(Saved data entries)
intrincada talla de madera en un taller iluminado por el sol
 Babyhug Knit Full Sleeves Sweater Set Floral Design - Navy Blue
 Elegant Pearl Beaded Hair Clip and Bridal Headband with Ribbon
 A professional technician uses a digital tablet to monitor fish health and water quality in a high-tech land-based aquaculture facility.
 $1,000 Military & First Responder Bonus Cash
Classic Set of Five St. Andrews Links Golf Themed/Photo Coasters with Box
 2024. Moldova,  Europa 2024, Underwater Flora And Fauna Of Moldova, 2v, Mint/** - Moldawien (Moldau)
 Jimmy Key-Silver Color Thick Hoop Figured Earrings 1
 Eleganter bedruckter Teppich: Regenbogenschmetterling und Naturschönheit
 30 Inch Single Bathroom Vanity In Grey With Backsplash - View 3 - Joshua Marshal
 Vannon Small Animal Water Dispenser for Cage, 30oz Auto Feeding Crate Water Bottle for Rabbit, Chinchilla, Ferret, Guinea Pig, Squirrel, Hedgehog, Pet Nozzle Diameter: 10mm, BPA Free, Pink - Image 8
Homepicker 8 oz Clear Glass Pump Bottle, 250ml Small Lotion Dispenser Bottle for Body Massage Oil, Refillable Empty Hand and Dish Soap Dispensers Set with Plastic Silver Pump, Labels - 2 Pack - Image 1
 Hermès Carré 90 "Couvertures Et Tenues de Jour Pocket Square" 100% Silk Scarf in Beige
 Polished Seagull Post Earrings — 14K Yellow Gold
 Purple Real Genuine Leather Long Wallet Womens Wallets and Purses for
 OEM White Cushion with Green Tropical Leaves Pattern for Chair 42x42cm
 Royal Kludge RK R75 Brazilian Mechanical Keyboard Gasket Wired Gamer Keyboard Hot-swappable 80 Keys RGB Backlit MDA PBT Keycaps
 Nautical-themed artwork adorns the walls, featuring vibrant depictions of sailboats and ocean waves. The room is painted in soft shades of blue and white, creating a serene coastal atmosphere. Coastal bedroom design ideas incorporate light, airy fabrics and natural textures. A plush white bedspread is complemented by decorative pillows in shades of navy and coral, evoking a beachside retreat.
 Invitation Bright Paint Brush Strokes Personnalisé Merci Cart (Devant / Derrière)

GOAL OF THE EXERCISE:
Go through the entries above and count the lines containing the string "Small". Give only that number.

RESPONSE AREA:
2